Italian Orange Polenta Cookies
- 3 cups unbleached organic flour or use King Arthur Measure for Measure Flour to make these gluten-free
- 1 1/2 cups granulated cane sugar
- 1/2 cup Grind Spice Co Vanilla Bean Sugar
- 1 teaspoon salt
- 2 teaspoons baking powder
- 2 finely grated orange peel
- 1 cup Rocky Mountain Olive Oil Mandarin Orange Infused Olive Oil or Blood Orange Infused Olive Oil
- 2 large room temperature eggs, whisked
- 2 tablespoons fresh squeezed orange juice
- powdered sugar for garnish
Preheat the oven to 350 F.
In the bowl of a stand mixer fitted with the paddle attachment or in a large mixing bowl, add both sugars, blood orange olive oil, orange juice, and eggs. Beat on medium speed until thick and creamy, about 3 minutes.
In a separate bowl whisk together the flour and remaining dry ingredients.
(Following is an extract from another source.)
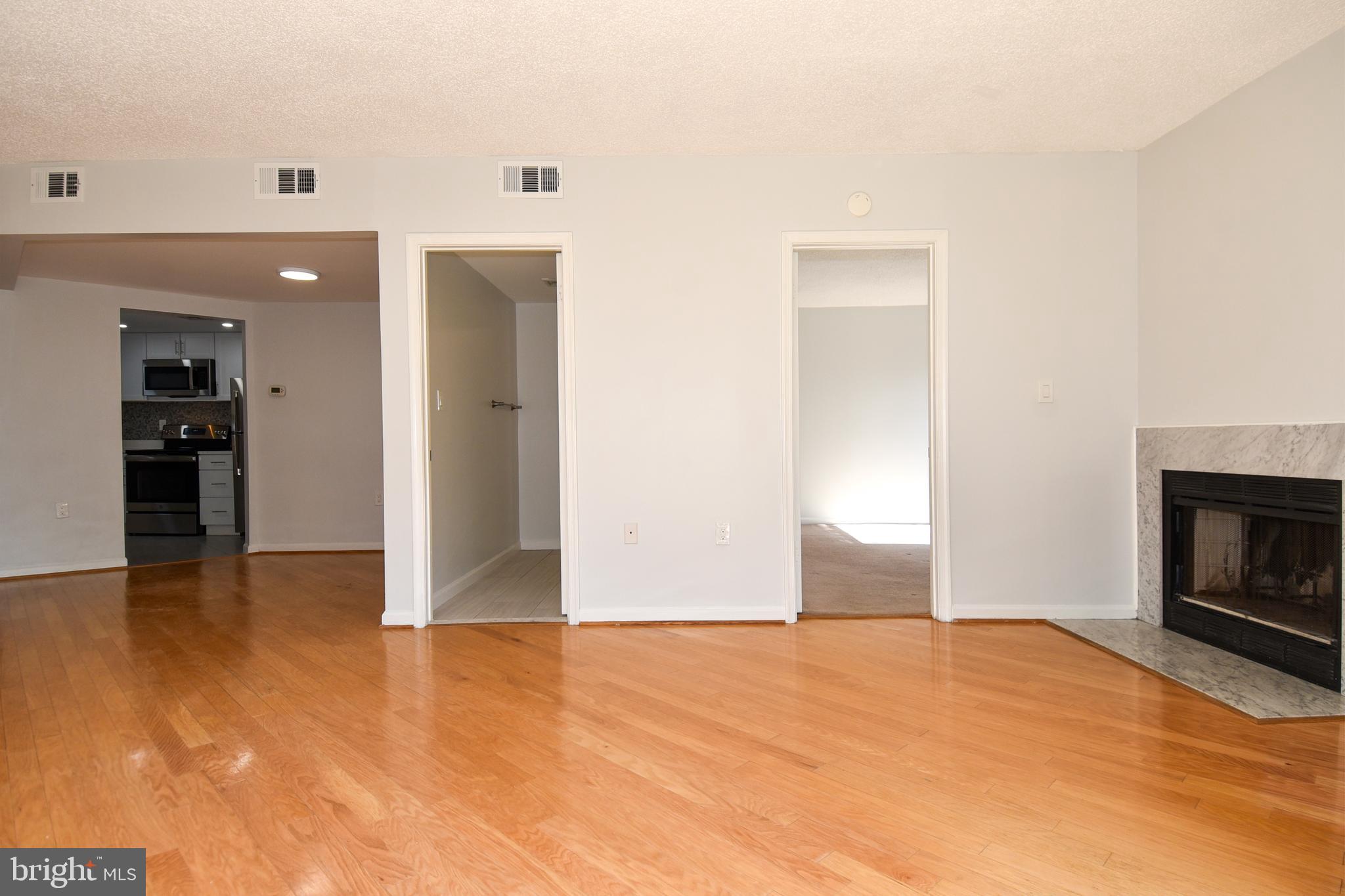 2725 Connecticut Avenue Northwest, Unit 403 Washington, DC 20008 - Photo 7 of 25 a view of empty room with wooden floor and fireplace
Add the dry ingredients to the wet ingredients in three additions beating in between additions until no dry spots remain.
Pipe the cookie dough using a pastry bag fitted with a star shaped pastry, portioning approximately two teaspoons of dough per cookie, onto a parchment lined cookie sheet pan. Alternatively, use two spoons to drop batter onto the cookie sheet. Bake in the center of the oven for 10 minutes.
Increase the heat to 425 F and bake for an additional 2 minutes to aid in creating a golden brown exterior. Remove the cookies to a rack to cool. Repeat with the remainder of the dough. When fully cooled, dust with powdered sugar.